* _YOUR INSTRUCTIONS_: For this exercise, copy the data exactly and omit any images.

* _PROVIDED DATA_:
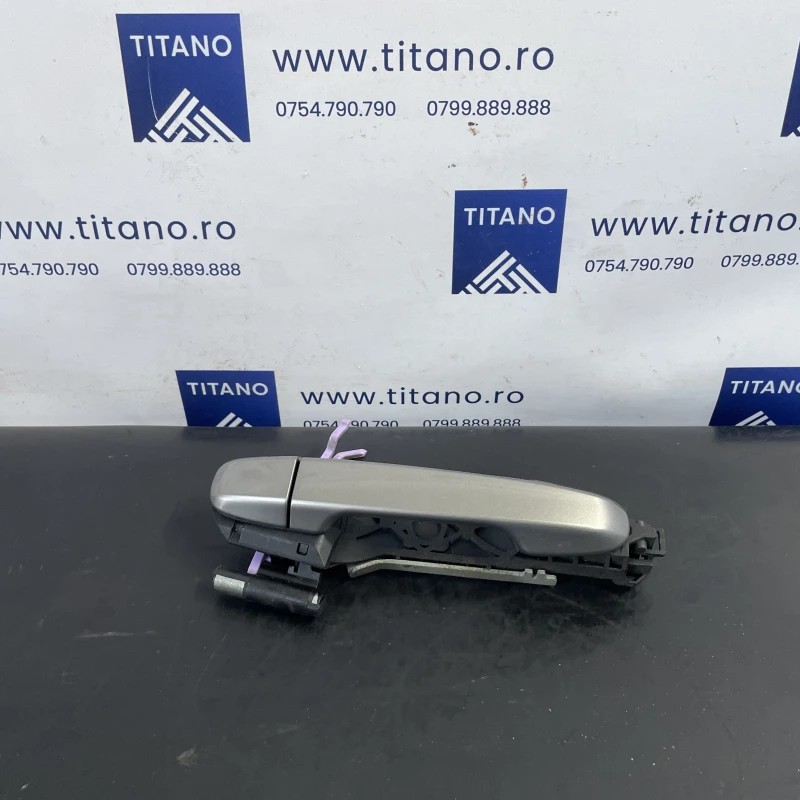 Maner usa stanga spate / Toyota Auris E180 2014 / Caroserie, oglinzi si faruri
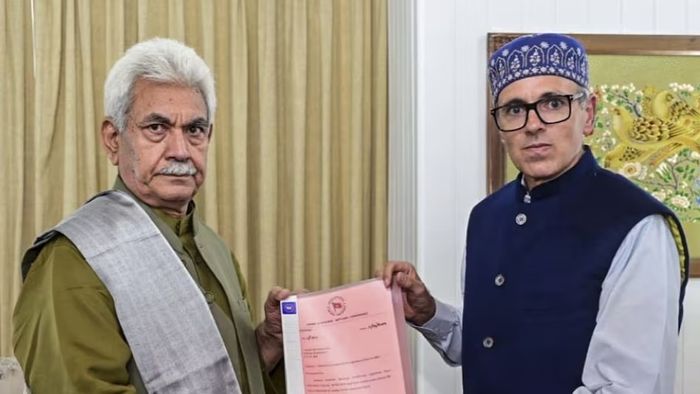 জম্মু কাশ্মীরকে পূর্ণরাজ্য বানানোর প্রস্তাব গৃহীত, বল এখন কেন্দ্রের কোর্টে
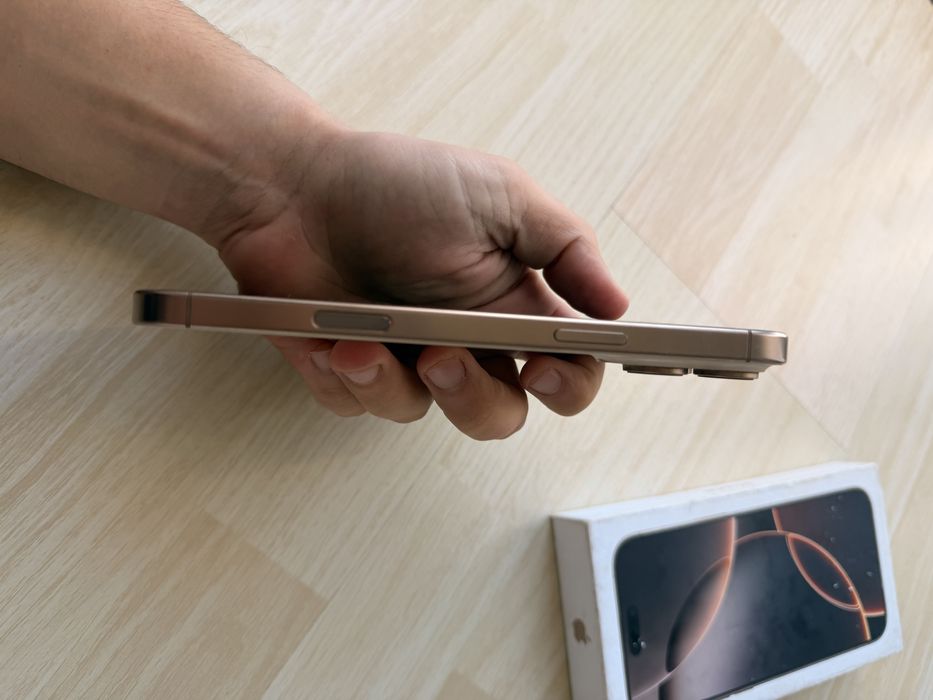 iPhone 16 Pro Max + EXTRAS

* _ANSWER FOR THIS EXERCISE_:
 Maner usa stanga spate / Toyota Auris E180 2014 / Caroserie, oglinzi si faruri
 জম্মু কাশ্মীরকে পূর্ণরাজ্য বানানোর প্রস্তাব গৃহীত, বল এখন কেন্দ্রের কোর্টে
 iPhone 16 Pro Max + EXTRAS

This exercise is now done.